The average duration of the canonical variants was 609 ms (SD = 113 ms), whereas the average duration of the flapped variants was 441 ms (SD = 79 ms). In order to ensure that differences in RTs in the lexical-decision experiment would not be influenced by differences in stimulus duration, we equated the durations of the two variants (canonical and flapped) for each word type using Praat’s overlap-add algorithm (Boersma & Weenink, 2010), which is an implementation of the TD-PSOLA method (Moulies & Charpentier, 1990). This was done in the following way: First, we measured the difference in duration between the two variants, which was on average 168 ms (SD = 66 ms). Second, the longer token (the canonical variant) was shorted by half this amount (on average: 84 ms), whereas the shorter token was lengthened by the same amount. The same procedure was used for the flapped and canonical variants of the nonwords which contained an /nt/ sequence. For the words and nonwords that did not contain an /nt/ sequence, lengthened and shortened versions were created by changing the durations by constant ratios for each stimulus group. This procedure ensured that all tokens were changed and that the change would only be relatively small. Each sound file was checked manually to ensure that the change was only barely noticeable. The original and adjusted sound files of the flapped and canonical words can be downloaded here (https://osf.io/3tmbr/).

Procedure

For the presentation of the stimuli, two lists were created. In each list, half of the words and nonwords with an intersyllabic /nt/ sequence were produced with a nasal flap, whereas the other half was produced with a canonical /nt/ sequence. An equal number of participants was run for each list. Participants were tested individually or in groups of up to three people in a sound-attenuated room. They were seated at a desk with an Apple Macintosh computer, a button box, and a pair of headphones. Presentation of the stimuli, randomization, and response collection was controlled by the PsyScope software package (Cohen, MacWhinney, Flatt, & Provost, 1993). Participants were instructed to listen to the stimuli presented to them over headphones and then to respond word with their right hand or not a word with their left hand as quickly and as accurately as possible by pressing appropriately labeled buttons. Each trial proceeded as follows: A black fixation cross was presented before a white background in the center of the screen for 500 milliseconds. A word or nonword was then presented over headphones, and the participant had 5 seconds to provide a button-press response. If the participant did not make a response after the 5 seconds had expired, the computer automatically presented the next trial. The intertrial interval was 500 milliseconds. Before the presentation of the experimental stimuli, 12 practice trials were presented in order to familiarize the participants with the task. No feedback regarding the accuracy of the participants’ responses was given.

Results

In order to investigate whether recognition performance changed over the course of the experiment, trials were divided into two equal-sized parts. The first part ranged from Trial 1 to Trial 96, and the second part ranged from Trial 97 to Trial 192. Note that for the calculation of these trial numbers, the number of practice trials was subtracted. RT was measured from the acoustic onset of the word. Mean RTs and accuracy rates for each part and variant are shown in Table 1, split for words and nonwords.

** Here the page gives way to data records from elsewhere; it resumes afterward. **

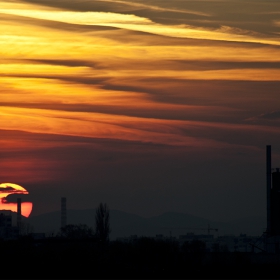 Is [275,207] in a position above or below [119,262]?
above

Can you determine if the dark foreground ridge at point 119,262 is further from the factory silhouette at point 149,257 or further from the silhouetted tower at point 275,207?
the silhouetted tower at point 275,207

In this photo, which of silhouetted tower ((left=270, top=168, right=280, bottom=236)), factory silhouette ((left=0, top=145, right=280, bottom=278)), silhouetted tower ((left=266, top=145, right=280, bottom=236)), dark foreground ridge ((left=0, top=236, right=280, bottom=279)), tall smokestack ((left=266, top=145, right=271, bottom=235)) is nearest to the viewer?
dark foreground ridge ((left=0, top=236, right=280, bottom=279))

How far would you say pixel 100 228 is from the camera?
130125 millimetres

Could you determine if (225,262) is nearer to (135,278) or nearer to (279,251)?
(279,251)

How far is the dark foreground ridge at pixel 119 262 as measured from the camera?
309 feet

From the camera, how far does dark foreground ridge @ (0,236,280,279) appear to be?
94.3 metres

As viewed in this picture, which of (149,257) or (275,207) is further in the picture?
(275,207)

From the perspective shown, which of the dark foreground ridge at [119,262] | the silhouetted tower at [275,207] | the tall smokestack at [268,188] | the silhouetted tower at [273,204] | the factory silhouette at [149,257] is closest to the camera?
the dark foreground ridge at [119,262]

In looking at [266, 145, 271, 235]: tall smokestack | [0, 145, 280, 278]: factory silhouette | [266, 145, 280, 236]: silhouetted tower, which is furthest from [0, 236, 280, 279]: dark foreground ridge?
[266, 145, 271, 235]: tall smokestack

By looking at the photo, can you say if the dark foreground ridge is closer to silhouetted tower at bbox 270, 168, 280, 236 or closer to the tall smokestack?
silhouetted tower at bbox 270, 168, 280, 236

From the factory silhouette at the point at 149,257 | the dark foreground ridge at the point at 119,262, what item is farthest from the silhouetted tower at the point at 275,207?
→ the dark foreground ridge at the point at 119,262

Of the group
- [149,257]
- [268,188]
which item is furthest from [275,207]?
[149,257]

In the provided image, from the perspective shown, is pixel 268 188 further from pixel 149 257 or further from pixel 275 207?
pixel 149 257

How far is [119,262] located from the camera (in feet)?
341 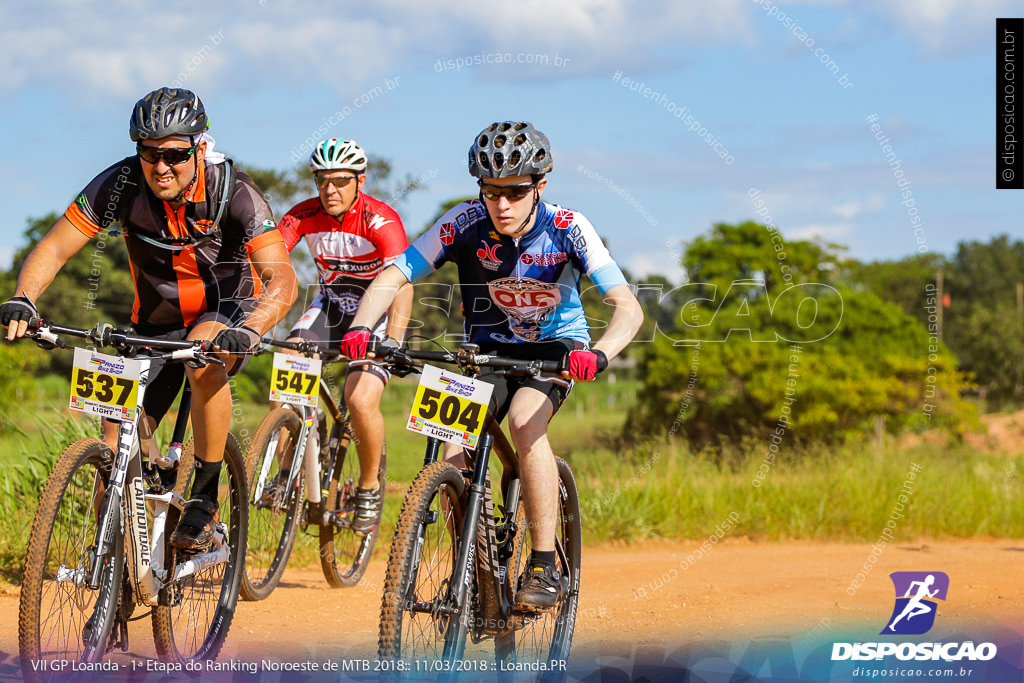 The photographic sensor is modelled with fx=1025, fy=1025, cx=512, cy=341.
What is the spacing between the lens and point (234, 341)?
3891 mm

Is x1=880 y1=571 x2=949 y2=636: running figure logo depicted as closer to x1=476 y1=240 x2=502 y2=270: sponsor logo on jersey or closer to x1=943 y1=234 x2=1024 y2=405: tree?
x1=476 y1=240 x2=502 y2=270: sponsor logo on jersey

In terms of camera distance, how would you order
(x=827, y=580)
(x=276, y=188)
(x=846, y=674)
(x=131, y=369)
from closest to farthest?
1. (x=131, y=369)
2. (x=846, y=674)
3. (x=827, y=580)
4. (x=276, y=188)

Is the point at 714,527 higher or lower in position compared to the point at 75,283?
lower

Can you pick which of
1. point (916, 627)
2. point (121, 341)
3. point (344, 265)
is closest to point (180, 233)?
point (121, 341)

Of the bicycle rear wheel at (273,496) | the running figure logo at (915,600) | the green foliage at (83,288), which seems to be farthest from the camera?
the green foliage at (83,288)

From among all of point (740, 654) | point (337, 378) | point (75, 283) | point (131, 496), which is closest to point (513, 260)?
point (131, 496)

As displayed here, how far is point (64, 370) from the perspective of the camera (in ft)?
80.2

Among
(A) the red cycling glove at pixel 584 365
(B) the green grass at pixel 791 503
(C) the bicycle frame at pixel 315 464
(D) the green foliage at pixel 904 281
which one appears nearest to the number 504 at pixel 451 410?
(A) the red cycling glove at pixel 584 365

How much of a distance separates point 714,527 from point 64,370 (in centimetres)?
1980

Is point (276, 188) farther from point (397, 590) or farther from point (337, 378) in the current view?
point (397, 590)

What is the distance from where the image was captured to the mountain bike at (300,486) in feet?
20.1

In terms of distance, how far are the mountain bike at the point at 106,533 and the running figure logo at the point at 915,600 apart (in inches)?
145

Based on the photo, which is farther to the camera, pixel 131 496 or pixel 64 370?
pixel 64 370

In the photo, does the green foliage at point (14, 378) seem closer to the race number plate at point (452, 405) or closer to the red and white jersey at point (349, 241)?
the red and white jersey at point (349, 241) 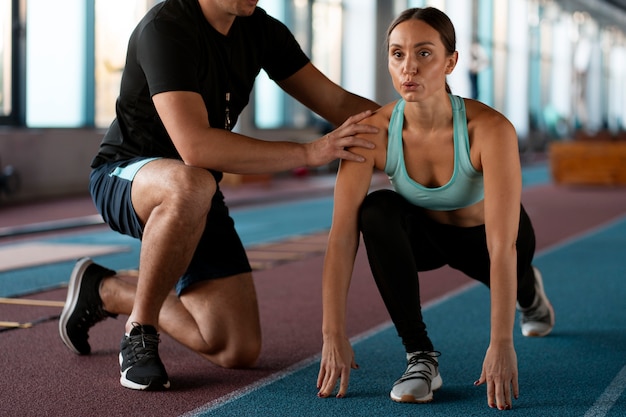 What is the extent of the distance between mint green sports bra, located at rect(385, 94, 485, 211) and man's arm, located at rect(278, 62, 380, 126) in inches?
17.0

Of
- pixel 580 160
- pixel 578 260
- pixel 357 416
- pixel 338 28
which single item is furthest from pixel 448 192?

Table 1 Mean RTs and accuracy rates for Experiment 1

We used generalized linear mixed models with a binomial link function for the analysis of the accuracy rates and linear mixed-effects models for the analysis of the RTs (Baayen, Davidson, & Bates, 2008). Analyses were carried out using the R programming language (R Development Core Team, 2007) and the lme4 package for linear mixed-effects models (Bates, 2005). The models were fitted using the bobyqa optimizer, and the maximum number of iterations was set to 20,000. For linear mixed-effects models, p values were estimated by using the standard normal distribution. The main predictor variables in the model were variant type (canonical vs. flapped), trial, and the interaction between variant type and trial. For the RT models, the RT on the previous trial was added as a control variable to improve model fit (Baayen & Milin, 2010). The models included random intercepts for participants and items, and random slopes for variant type, trial, the interaction term, and RT on the previous trial. In other words, models were fitted using the maximum random effects structure (Barr, Levy, Scheepers, & Tily, 2013). Correlations between the random effects were not estimated in order to facilitate the fitting procedure. The RT variables and the trial variable were z standardized for the purposes of the modeling procedure, and the variable variant type was contrast coded (canonical variant = −0.5, flapped variant = 0.5).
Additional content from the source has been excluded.